As I said in January of this year in my address to CPAC in Washington,

It's time for conservative Americans to do what Reagan did.

It's time for conservative Americans to right the ship again.

To celebrate our great Republican President and Congress as they lead our nation's progress in national security, economic prosperity and value of human life.

But also to see her listing to port…in the direction of big government and set her right again.

And to know that this is not a sign of disloyalty but of true loyalty to principle.

to know that when a ship is approaching a rocky coast, the life of the ship and its crew depends on the navigator with his sextant to counsel the captain and crew to steer clear of the shoals and if need be to forcefully oppose the captain when the fate of the ship hangs in the balance.

And In the months since I first delivered this challenge, conservatives, including many in this room, have done just that…

In newsprint, on talk radio and cable news, conservatives have spoken with integrity and courage to our leaders in Washington about the error of our present heading,

And the ship is turning

Since that day in January when I, and a great many others, spoke words of admonition to our President and the leaders in Congress, there is evidence that a course correction is underway

Just in the past six weeks,

this President has
asked Congress to ensure sustained economic growth by making his tax cuts permanent

this President has
called for restraints on federal spending and produced a budget that holds the growth of the discretionary federal government to less than 1%.

This President has
(as Reagan did before him)
made it clear
That he would veto the upcoming highway bill if it raises taxes or busts the budget

And
after weeks of confusion from Massachusetts to California,
this President has
brought moral clarity to the debate over same sex marriage by calling on Congress to pass a Constitutional Amendment to protect marriage.

The President rightly called marriage, 'the most enduring human institution,' and so it is.
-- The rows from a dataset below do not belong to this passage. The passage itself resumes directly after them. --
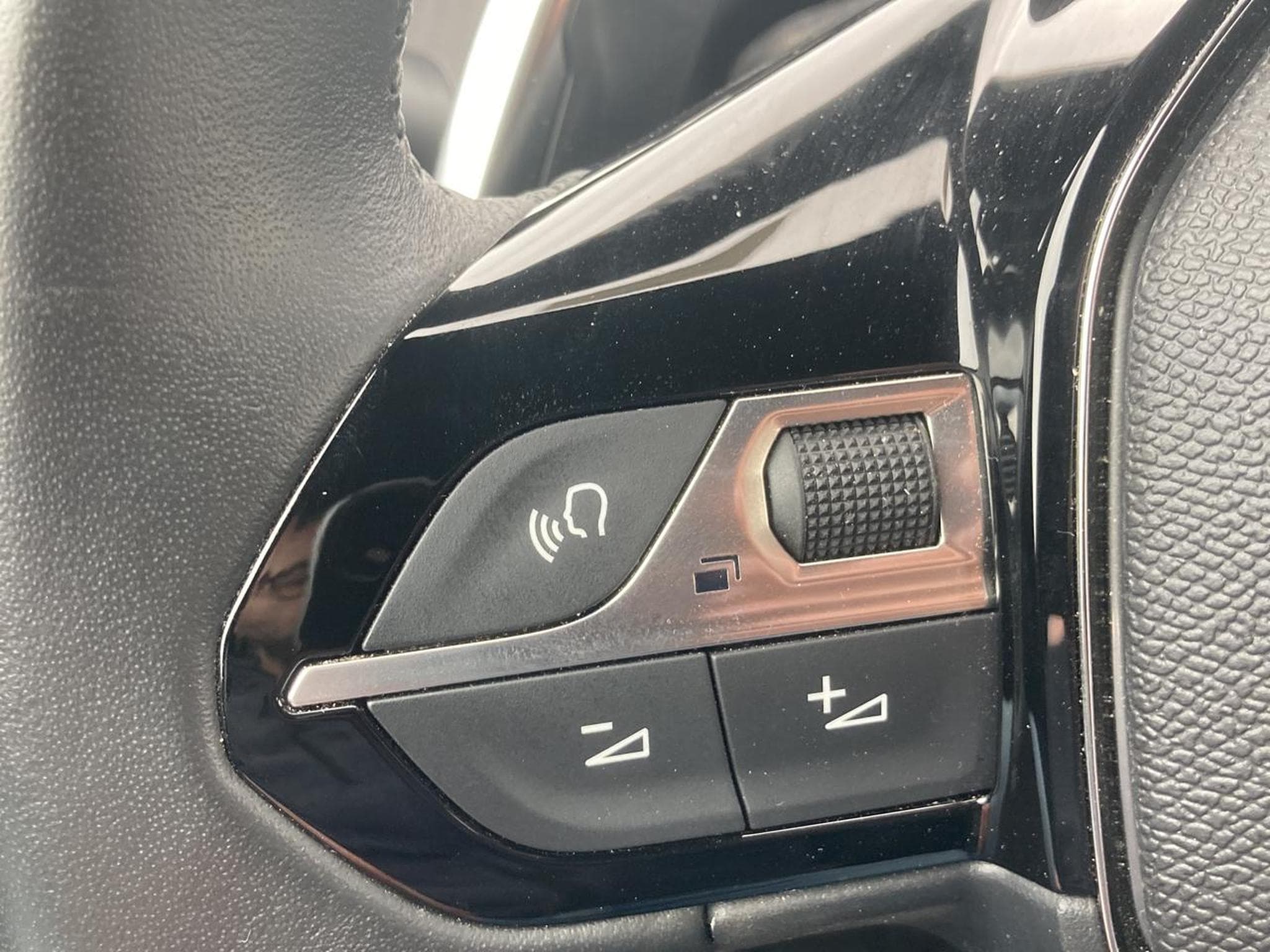 Peugeot 2008 1.2 HYBRID 145 STYLE E-DCS6 (2025) - Photo 17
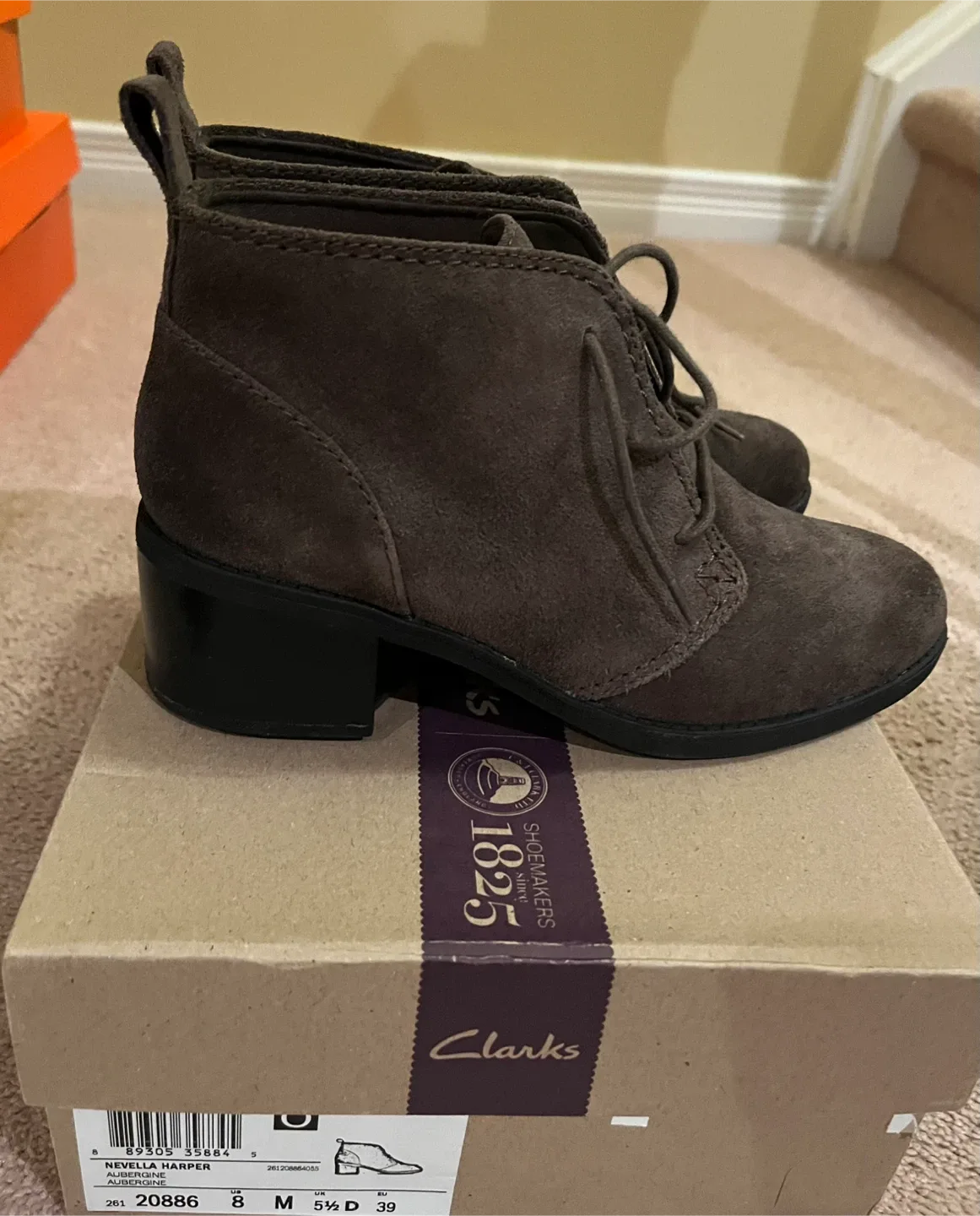 Clarks Nevella Harper Brown Ankle Boots - Size 8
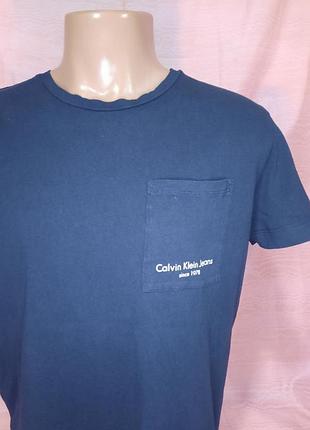 Синя футболка calvin klein jeans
Marriage was ordained by God, confirmed by law, is the glue of the American family and the safest harbor for children.

and Congress should heed the President's leadership in every respect:
Enact a permanent tax relief and fiscally conservative budget,
Sustain his threatened veto of budget busting bills,
and pass the Marriage Amendment to the Constitution of the United States with all deliberate speed.

This, then, is our cause.

To stand with our captain as he leads us well,

to right the ship in that where she is adrift,

and to support his every effort to set her right.

And this cause will prevail.

For the cause of freedom is not our cause but, as a young King David knew, the cause is His - the author and finisher of our faith and our freedom.It is written that, "it is for freedom that Christ has set you free."

And I believe, with all my heart, that He who set this miracle of democracy on this these wilderness shores will see the cause of freedom through every tomorrow until, by his grace, the veil of tyranny is lifted from every corner of planet earth.

Thank you for CNP, for the honor of addressing you and for all you do to keep the cause of conservative values alive in this shining city on the hill, this last best hope of earth, these United States of America.

God bless you and God bless the USA.